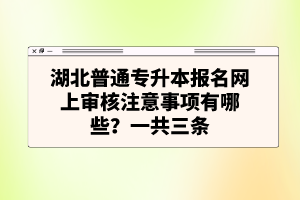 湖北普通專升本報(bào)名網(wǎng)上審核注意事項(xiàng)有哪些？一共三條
####
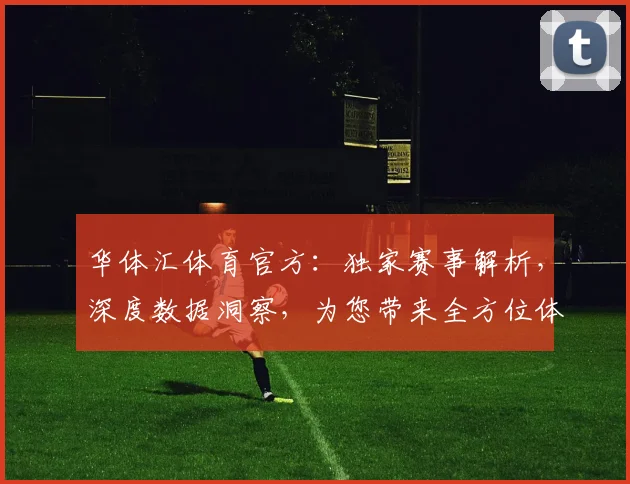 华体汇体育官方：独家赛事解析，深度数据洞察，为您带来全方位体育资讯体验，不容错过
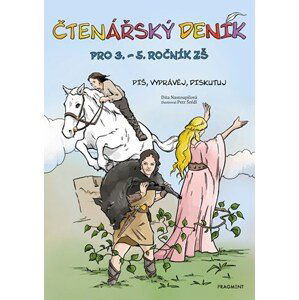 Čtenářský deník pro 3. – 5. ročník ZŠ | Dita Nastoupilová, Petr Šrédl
####
> [Task goal]
An exact transcription is needed of the lines from the one with "华体汇体育官方：独家赛事解析" to the one with "Čtenářský deník pro" above, both ends included, with pictures left out.

> [Response area]
 华体汇体育官方：独家赛事解析，深度数据洞察，为您带来全方位体育资讯体验，不容错过
 Čtenářský deník pro 3. – 5. ročník ZŠ | Dita Nastoupilová, Petr Šrédl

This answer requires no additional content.